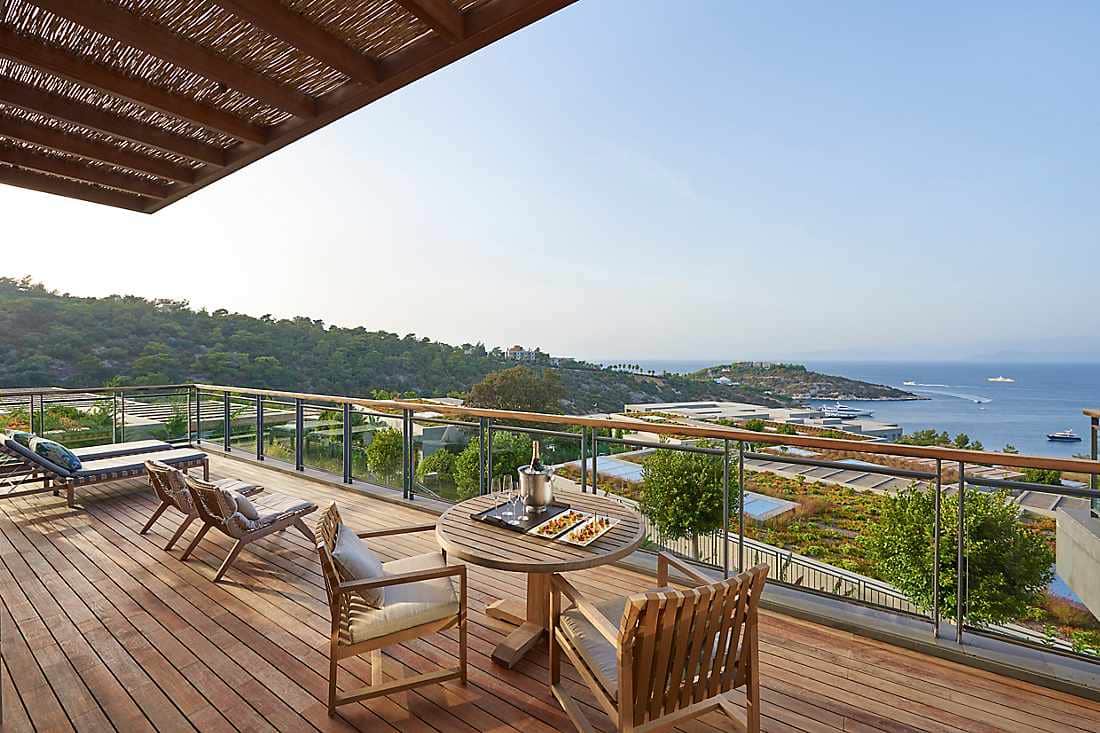 Aegean Suite terrace
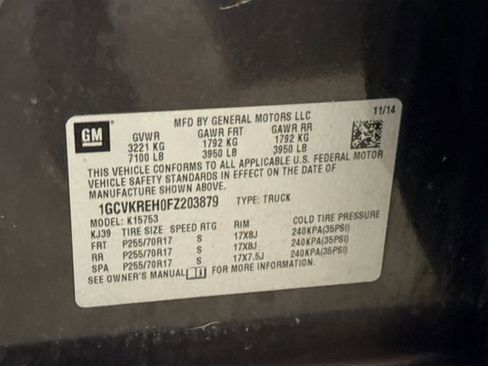 Used 2015 Chevrolet Silverado 1500 LT w/ All Star Edition image 30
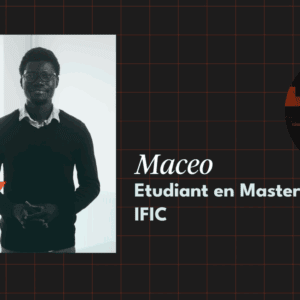 Miniature interview de Maceo de l'école IFIC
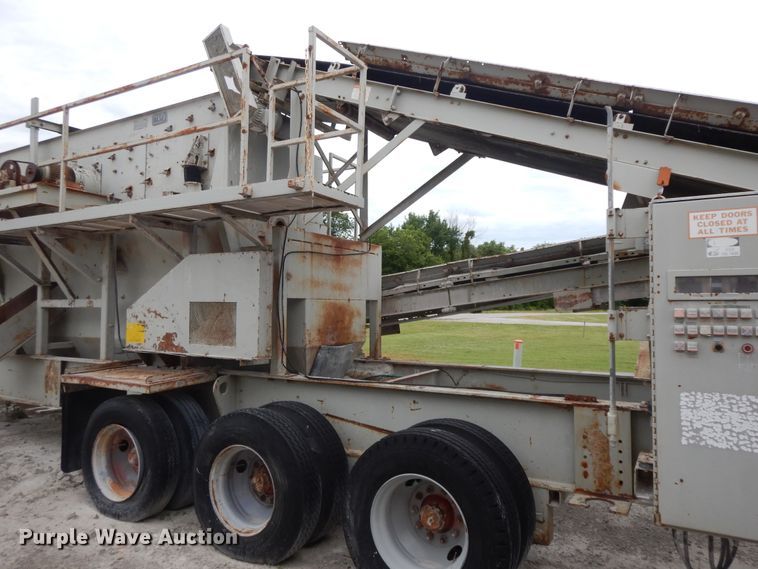 image for item HP9600 Cedarapids  crushing plant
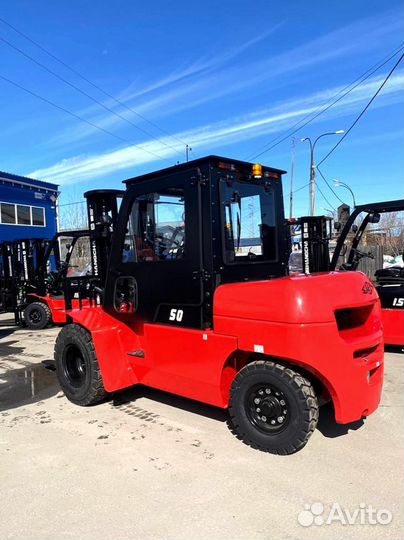 Вилочный погрузчик HANGCHA CPCD50N, 2023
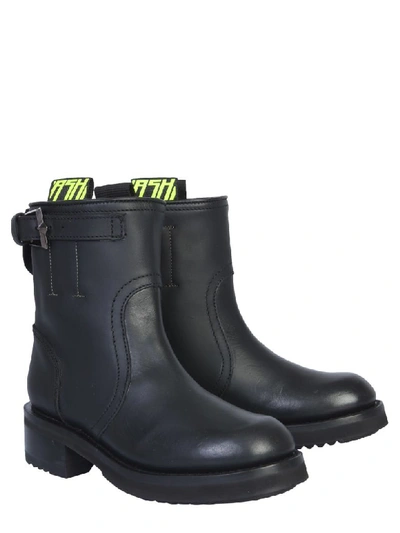 Shop Ash Tycoon Boot In Nero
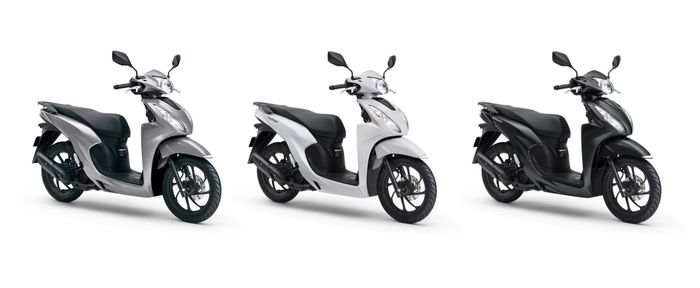 P{ilihan warna Honda Dio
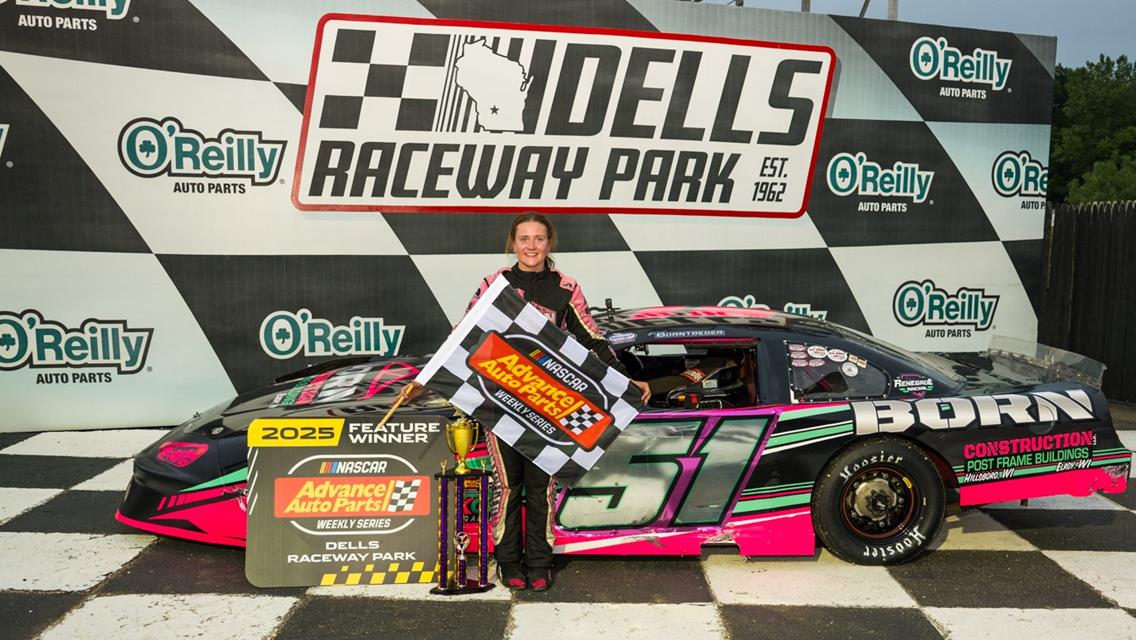 ROSE BORNTREGER CAPTURES NASCAR REGIONAL LATE MODEL FEATURE EVENT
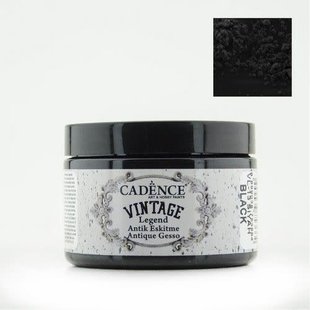 Cadence Vintage Legend gesso 150 ml Zwart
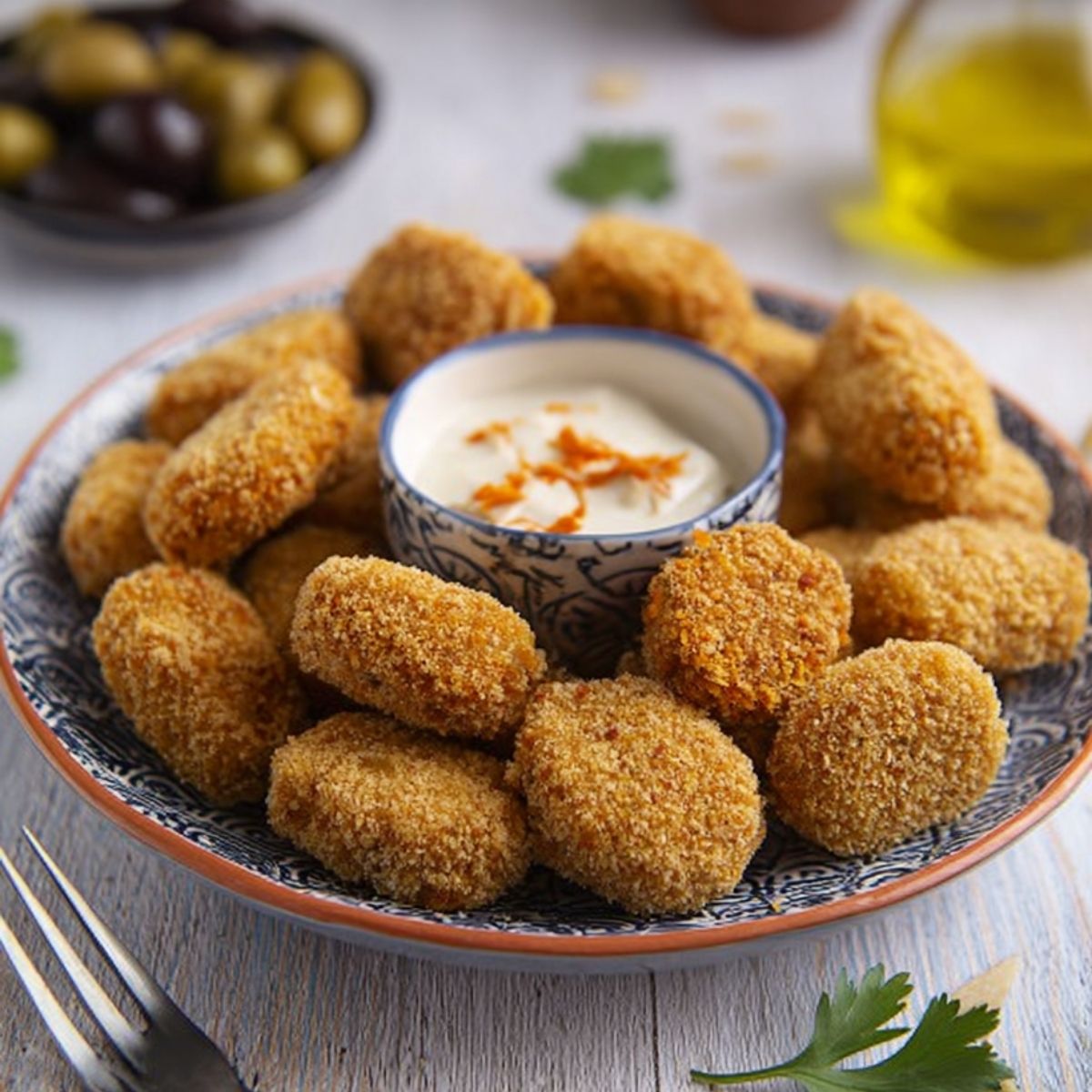 Nuggets de Garbanzos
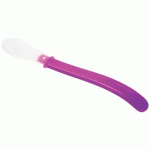 CUILLÈRES AVEC EMBOUT SOUPLE - VIOLET - PLASTOREX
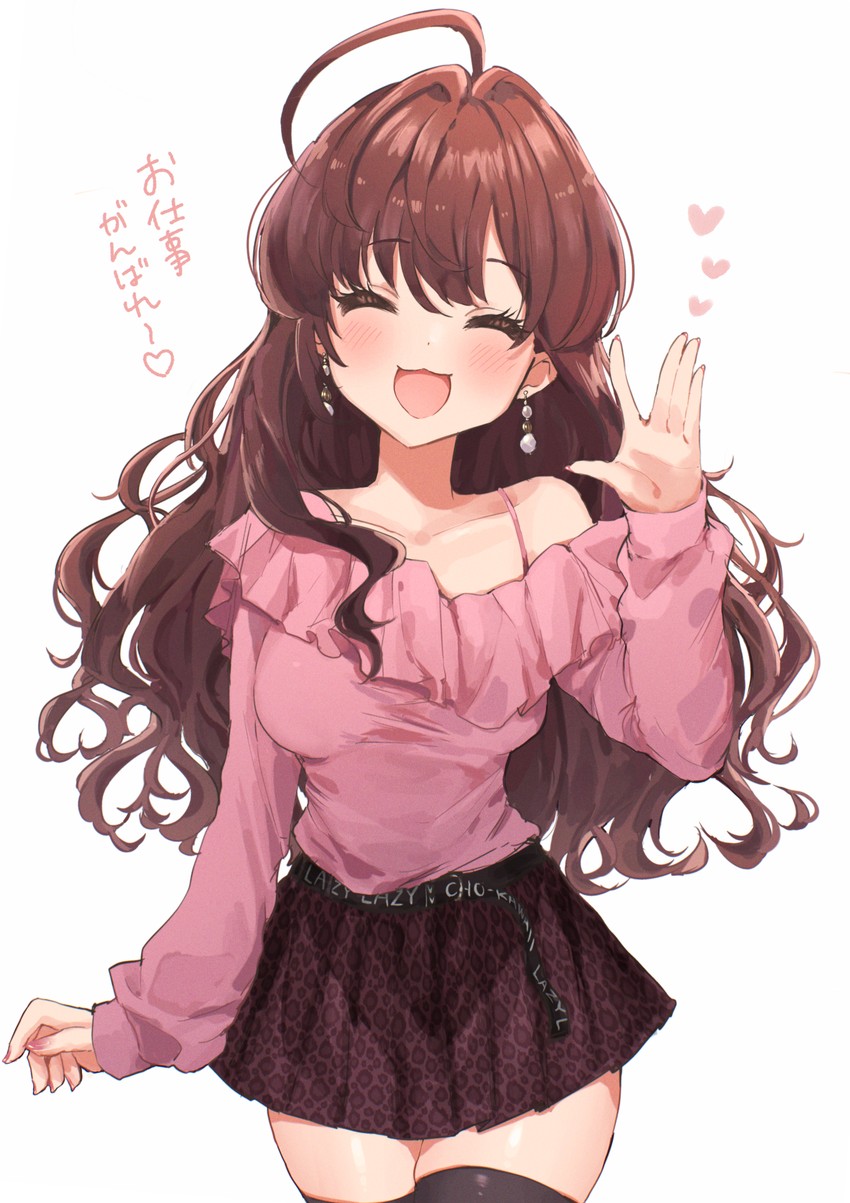 ichinose shiki (idolmaster and 1 more) drawn by kudo_eru
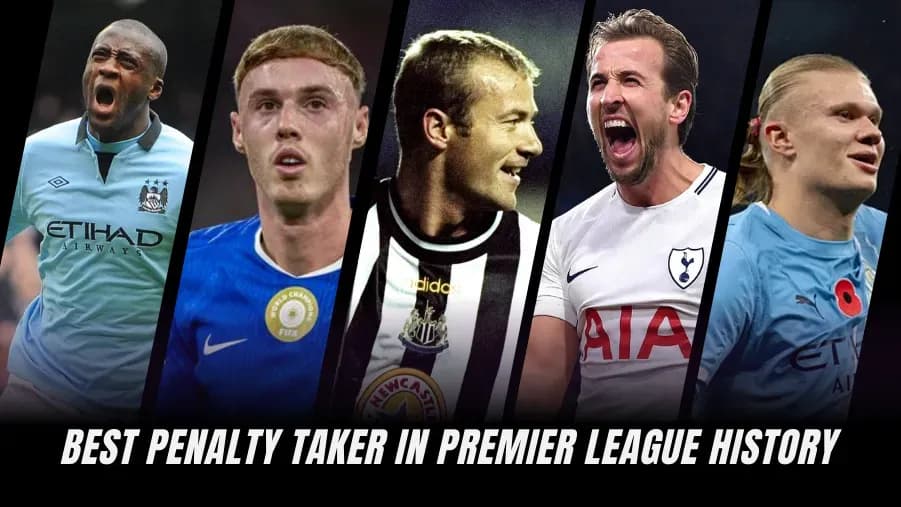 Top 10 Premier League Penalty Takers: A Ranked Overview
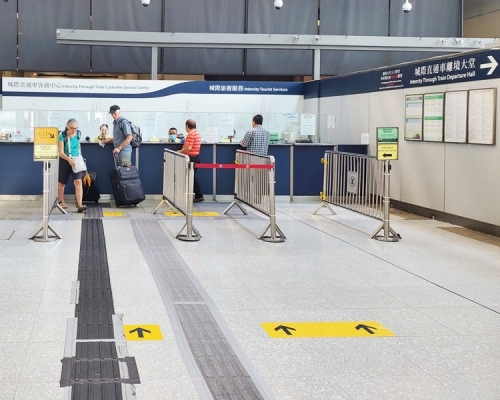 七班直通車班次取消。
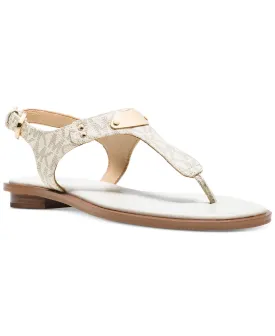 Michael Kors Women's MK Strappy Flat Sandals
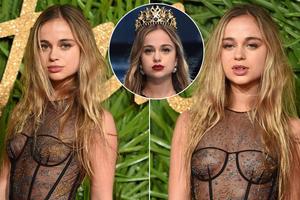 英国王室最美成员！95后女勋爵受追捧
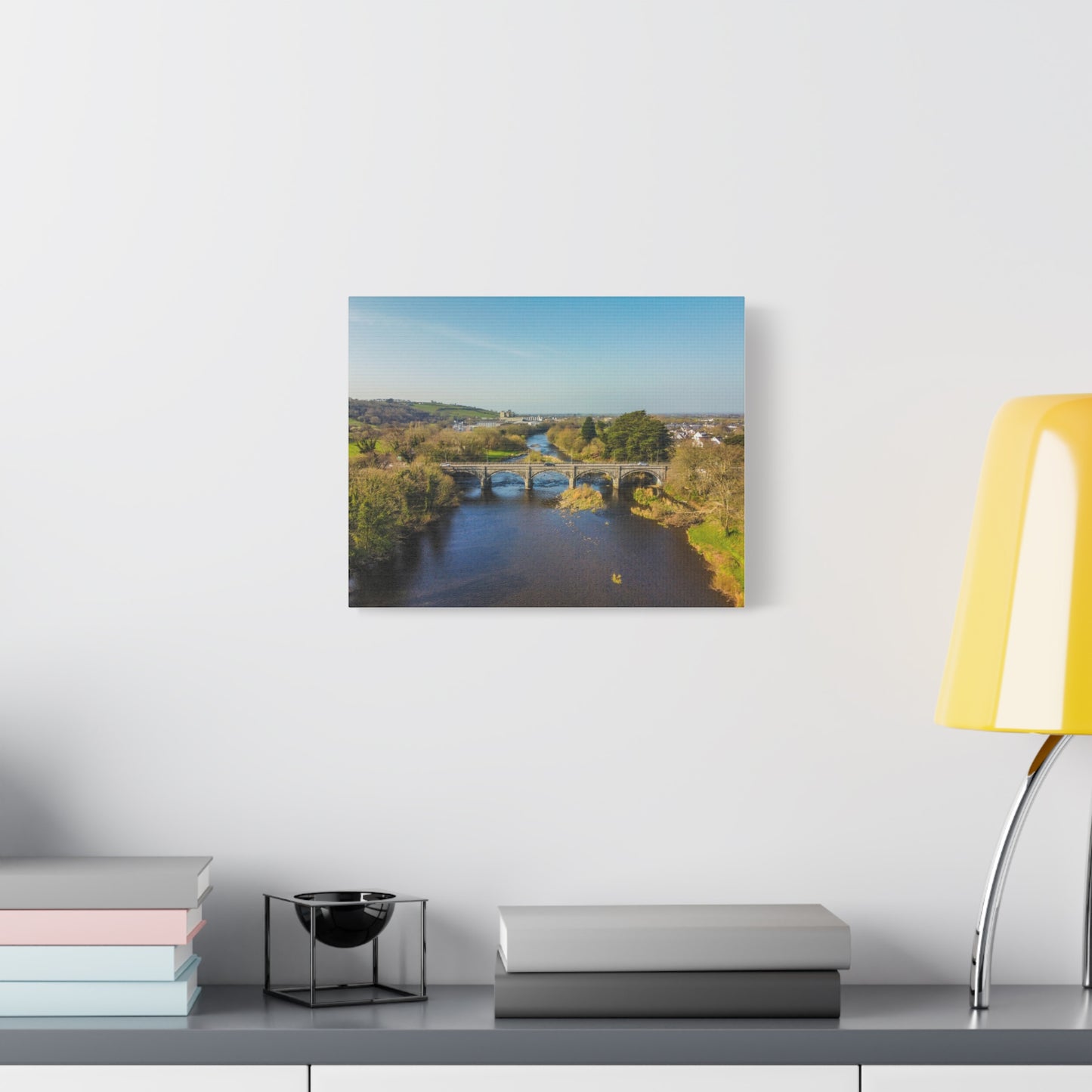 Listowel Bridge+ Matte Canvas, Stretched, 1.25"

+++++

*ASSIGNMENT*
From the line that contains "warna Honda Dio" through the last line of the entries, transcribe every line exactly, leaving out the pictures.

*RESPONSE AREA*
 P{ilihan warna Honda Dio
 ROSE BORNTREGER CAPTURES NASCAR REGIONAL LATE MODEL FEATURE EVENT
 Cadence Vintage Legend gesso 150 ml Zwart
 Nuggets de Garbanzos
 CUILLÈRES AVEC EMBOUT SOUPLE - VIOLET - PLASTOREX
 ichinose shiki (idolmaster and 1 more) drawn by kudo_eru
 Top 10 Premier League Penalty Takers: A Ranked Overview
 七班直通車班次取消。
 Michael Kors Women's MK Strappy Flat Sandals
 英国王室最美成员！95后女勋爵受追捧
 Listowel Bridge+ Matte Canvas, Stretched, 1.25"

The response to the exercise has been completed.